Some county commissioners have asked UCS to help the county look into creative solutions that haven’t been tried yet. One such option is development of a housing trust fund.

While no concrete plans for such a fund have been made yet, the fund would generally be supported by a mix of development fees, taxes and donations. Public-private partnerships on housing projects could also contribute to a housing trust fund.

Brewer said the city of Lawrence, Kansas, repurposed a transportation tax into a housing trust fund tax, essentially prolonging that tax for a different reason. Those public dollars support attainable housing efforts in the city.

Hanzlick said she would like to explore how the county can incentivize developers to build affordable housing solutions.

Willingness to work together and gain community buy-in

Community buy-in will be one of the biggest challenges facing elected officials who hope to address housing inequities in Johnson County. Apartments and high-density residential developments are one such option for attainable housing, yet single-family homeowners often oppose living next to such developments. Above, homeowners in Watercrest Landing in Lenexa came out in opposition to the higher-density apartments proposed between their subdivision and K-7 Highway. File photo.

The willingness of all stakeholders to work toward equitable housing solutions remains key to addressing the many and varied challenges facing cities and the county.

Brewer said elected officials must be willing to plant seeds today that may not bear fruit until after they are out of office.

“What does it do to the vitality of a community if we don’t have attainable housing solutions that are reflective of all the different wages?” Brewer said. “We learned in the pandemic that so much of our community staying open was reliant on what we called essential workers, and many of those essential workers would have barriers to finding affordability within our communities.”

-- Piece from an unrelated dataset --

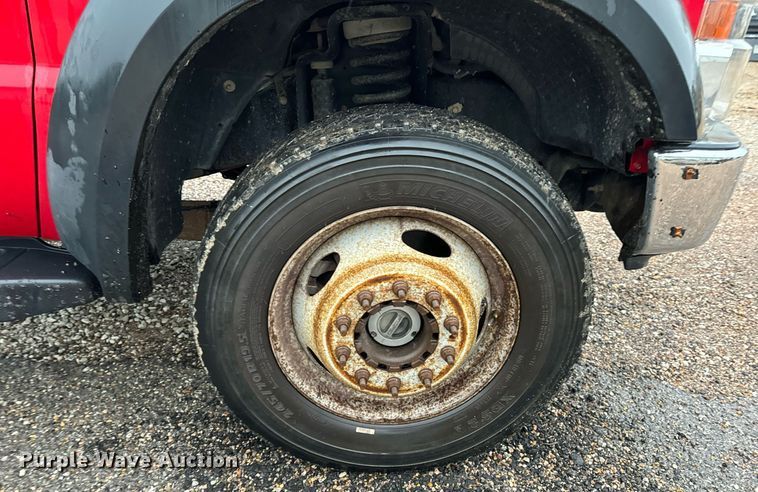 image for item EH7067 2008 Ford  F550 Super Duty XL truck cab and chassis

Some county commissioners said community buy-in will be critical to any housing solutions — particularly because many single-family homeowners in Johnson County largely oppose living next to apartments and denser residential developments that could be more affordable.

“Density, it’s just not going to be on the table, because people are done with it,” said Commissioner Charlotte O’Hara, adding that she hopes governing bodies will look inward to see how to reduce impediments for the private sector to address housing challenges.

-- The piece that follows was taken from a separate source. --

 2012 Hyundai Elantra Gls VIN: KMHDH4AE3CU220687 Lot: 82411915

The county is planning to coordinate with planning officials across all Johnson County cities to take an in-depth review of the study, then possibly recommend actions for within their own jurisdictions. Commissioners Shirley Allenbrand, Fast and Hanzlick volunteered to serve on this new committee to meet with the cities’ planning departments.

Meanwhile, Brewer said UCS and other lead agencies are also developing templates at the regional level to scale up and have shared consistency around housing policy.

County Chairman Ed Eilert, who recommended the county coordinate with planning officials on next steps, said community buy-in will be central to any efforts that address housing challenges.

“To me, there are a lot of answers that are available that are not that difficult,” Eilert said. “The difficulty is in getting the communities to accept those. That’s the big challenge. That’s where it’s been. That’s where it is. That’s where it always will be.”